▶ _Assignment_:
Write out the records below from the first line through the line containing "Детски джапанки Crocs", leaving out any pictures.

--- Data for analysis Enclosed Below ---

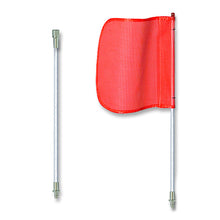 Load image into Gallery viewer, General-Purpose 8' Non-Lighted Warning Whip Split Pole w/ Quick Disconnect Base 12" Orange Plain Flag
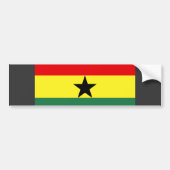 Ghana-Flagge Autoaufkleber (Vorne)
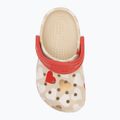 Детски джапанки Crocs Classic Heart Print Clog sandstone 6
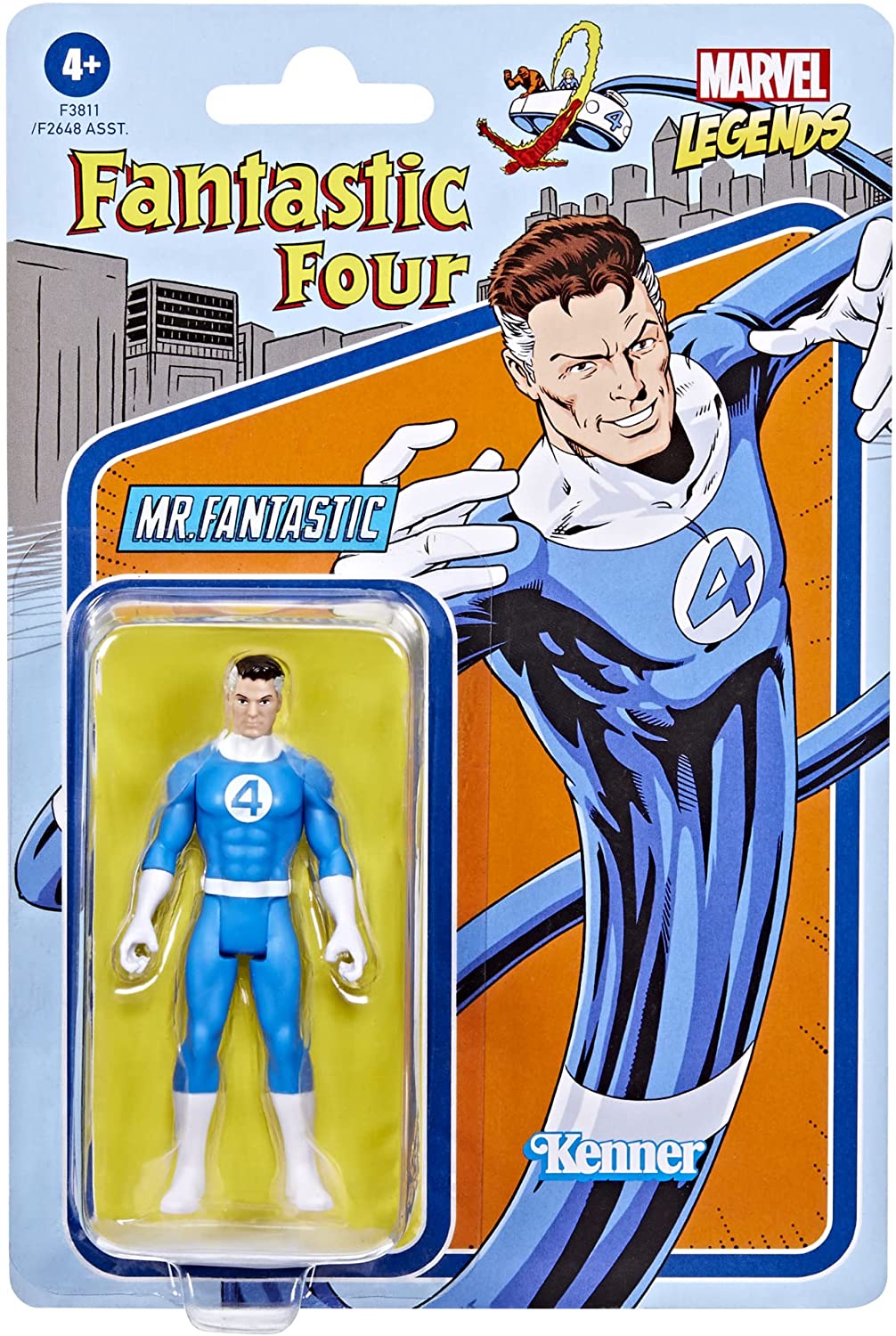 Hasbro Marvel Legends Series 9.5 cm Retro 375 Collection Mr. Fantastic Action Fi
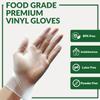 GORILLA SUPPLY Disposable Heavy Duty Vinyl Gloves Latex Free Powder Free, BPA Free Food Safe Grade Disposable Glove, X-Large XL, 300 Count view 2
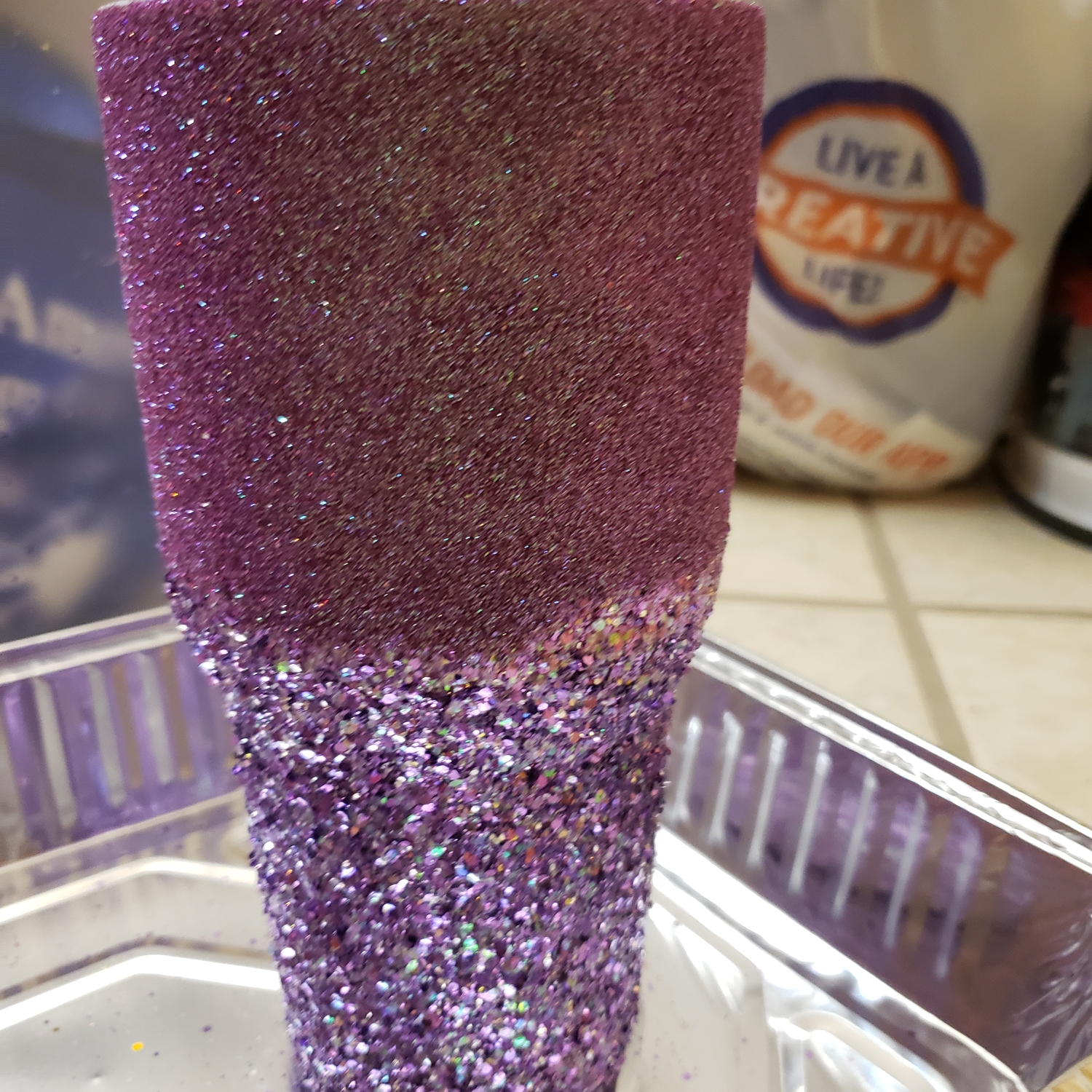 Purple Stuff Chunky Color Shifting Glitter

--- End of Enclosed Data for analysis ---

▶ _Answer to this problem_:
 Load image into Gallery viewer, General-Purpose 8' Non-Lighted Warning Whip Split Pole w/ Quick Disconnect Base 12" Orange Plain Flag
 Ghana-Flagge Autoaufkleber (Vorne)
 Детски джапанки Crocs Classic Heart Print Clog sandstone 6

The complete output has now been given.